But this is too slow, I believe because Map.union takes too long, it's O(n+m) rather than O(min(n,m)). Furthermore, this code seems a quite messy for something as simple as memoizaton. For this specific problem, you might be able to get away with generalizing the hacky approach to 2 dimensions, and computing a bit extra, but I want to know how to do memoization in a more general sense. How can I implement memoization in this more general form while maintaining the same complexity as the code would have in imperative languages?

3
At a high level, your objections are completely reasonable (and the answer below addresses them well, I think).
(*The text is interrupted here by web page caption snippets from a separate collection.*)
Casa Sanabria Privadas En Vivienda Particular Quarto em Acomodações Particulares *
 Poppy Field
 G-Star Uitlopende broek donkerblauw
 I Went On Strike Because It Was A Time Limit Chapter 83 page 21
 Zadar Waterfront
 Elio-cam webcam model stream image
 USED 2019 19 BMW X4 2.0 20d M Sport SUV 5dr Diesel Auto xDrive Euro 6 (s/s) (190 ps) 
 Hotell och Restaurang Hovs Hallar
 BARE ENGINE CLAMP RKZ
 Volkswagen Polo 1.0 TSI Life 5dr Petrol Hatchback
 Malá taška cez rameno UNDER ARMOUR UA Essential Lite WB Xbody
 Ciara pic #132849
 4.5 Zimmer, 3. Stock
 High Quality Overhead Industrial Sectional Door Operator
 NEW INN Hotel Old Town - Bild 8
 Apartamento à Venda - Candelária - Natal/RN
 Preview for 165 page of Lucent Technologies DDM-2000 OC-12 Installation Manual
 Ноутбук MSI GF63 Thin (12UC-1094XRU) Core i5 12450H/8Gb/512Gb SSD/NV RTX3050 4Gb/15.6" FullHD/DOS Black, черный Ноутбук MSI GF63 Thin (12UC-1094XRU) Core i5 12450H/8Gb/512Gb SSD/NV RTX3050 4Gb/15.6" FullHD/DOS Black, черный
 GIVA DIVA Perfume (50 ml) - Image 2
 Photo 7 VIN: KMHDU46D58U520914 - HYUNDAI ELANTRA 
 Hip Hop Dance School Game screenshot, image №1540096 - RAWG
I want to object to just one low-level detail: if you memoized f(n) = f(n/2) + f(n/3) in the analogous way to the memoized_fib you showed, laziness would mean that you don't need to compute the value of f(i) for all i less than n, as you claim. - Daniel Wagner

3 Answers

5
votes

And if I want to memoize a function like f(n) = f(n/2) + f(n/3), I need to compute the value of f(i) for all i less than n, when I don't need most of those values.

No, laziness means that values that are not used never get computed. You allocate a thunk for them in case they are ever used, so it's a nonzero amount of CPU and RAM dedicated to this unused value, but e.g. evaluating f 6 never causes f 5 to be evaluated. So presuming that the expense of calculating an item is much higher than the expense of allocating a cons cell, and that you end up looking at a large percentage of the total possible values, the wasted work this method uses is small.

But what if my parameters are vectors or sets?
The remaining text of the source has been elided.